Saturday, January 12, 2013


Here I am, back in site.

Close of Service conference is now in the rear view mirror and while I thoroughly enjoyed it, all of the excitement about post service plans and seeing all of my friends made coming home a double bummer.


Shakira, our largest sow, gave birth to 10 piglets one New Years Day, but because of mastitis or some other problem, she didn't produce any milk.  Only two piglets have survived, and they will be stunted if the do live.  This makes me sad, sad of course as death should make me, but also because I wasn't here to help, and also because Ismael probably feels like it was his fault even though there was likely nothing he could do differently.

Still it makes me happy that I have emotions and knowledge of this tragedy.  There are so many Americans who have no connection to the food they eat and have no idea of the every day tragedies that happen on the farm, even a small farm with good practices and caring hearts.

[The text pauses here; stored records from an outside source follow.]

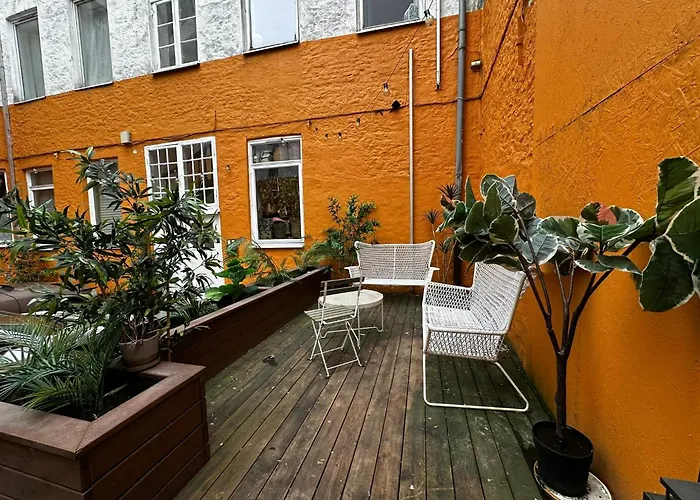 Fantastic Location By S & Karl Johan Apartamento Oslo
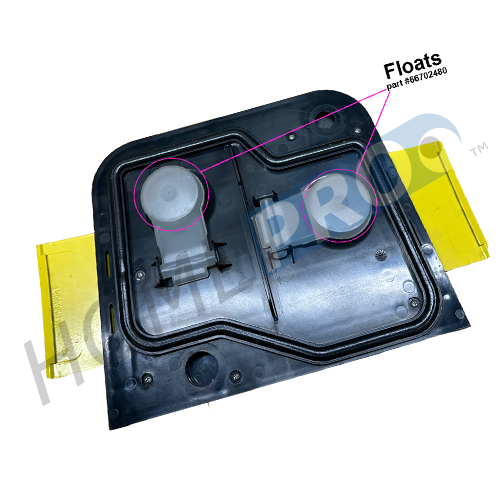 Karcher BD, Float 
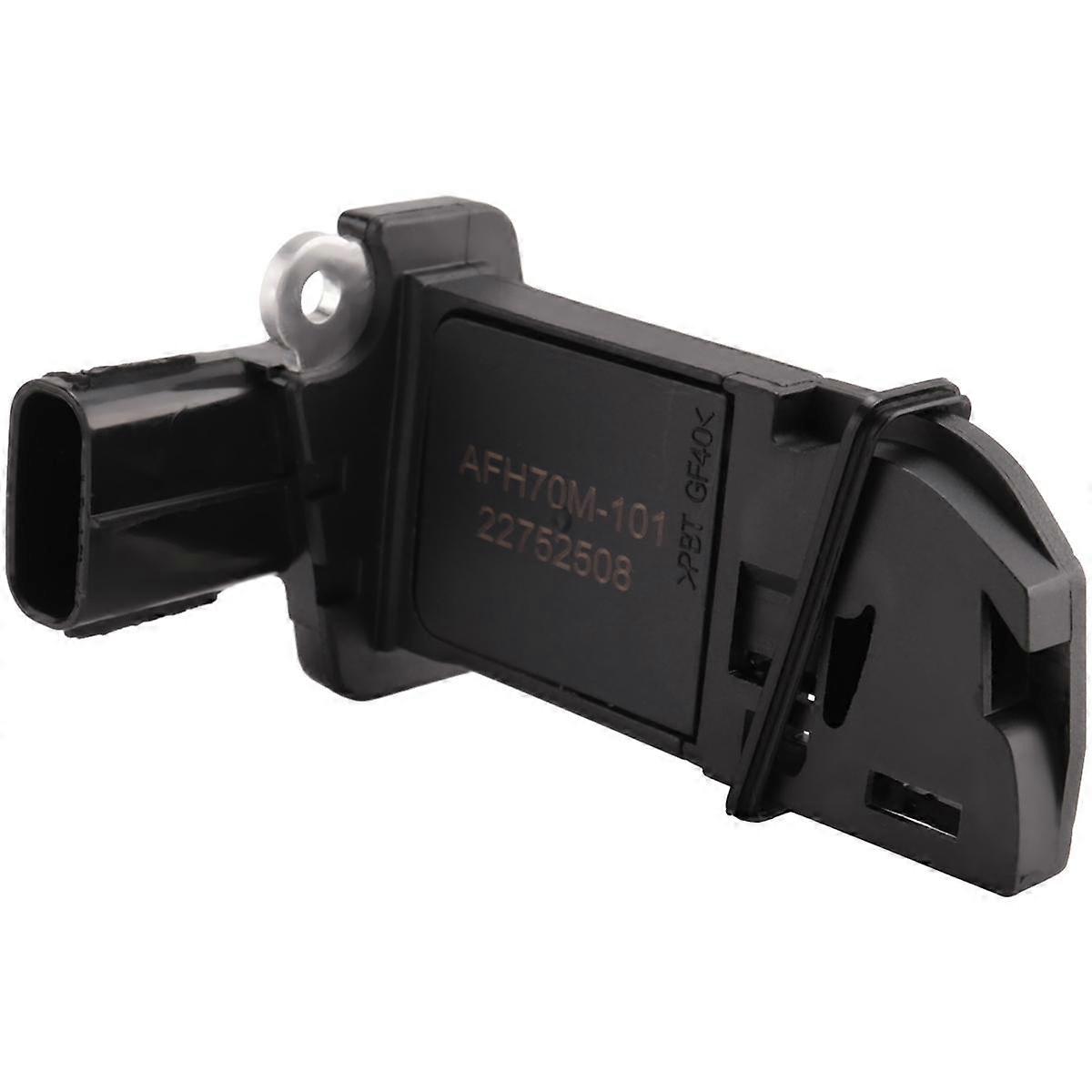 Black 22752508 Mass Air Flow Meter Sensor Maf For -Chevrolet Captiva Opel Antara -Vauxhall Antara Afh70m-101 Size 2.2
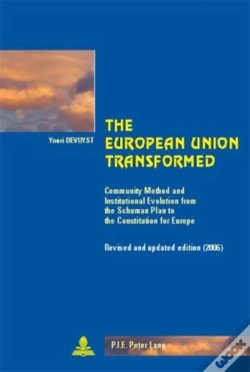 Capa do artigo The European Union Transformed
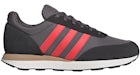 adidas Run 60s 3.0 Grey Strata Semi Lucid Red Carbon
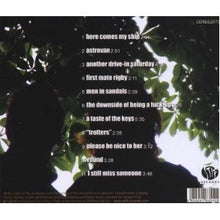 Load image into Gallery viewer, Wreckless Eric & Amy Rigby : Wreckless Eric & Amy Rigby (CD, Album)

Parents have told me they've begun planting the trees we gave, the ones we gave the school are all planted too.  One mother confessed she had left her baby trees unattended and the chickens had pecked them near to death.  I reminded her that during grafting all of the leaves are usually removed from the scion and the root stock is completely beheaded, so the trees will likely recover as long as she protects them.


Christmas in the states was wonderful.  It was so good to see everyone.  We made a whirlwind tour that left me wanting for more time.  It made coming back hard, but once we were queuing at Passport control in Quito I realized that I'll be here for less time than all of the study abroad kids who were around me.  Even so, celebrating the end at the COS conference with a full three months left seemed a little premature.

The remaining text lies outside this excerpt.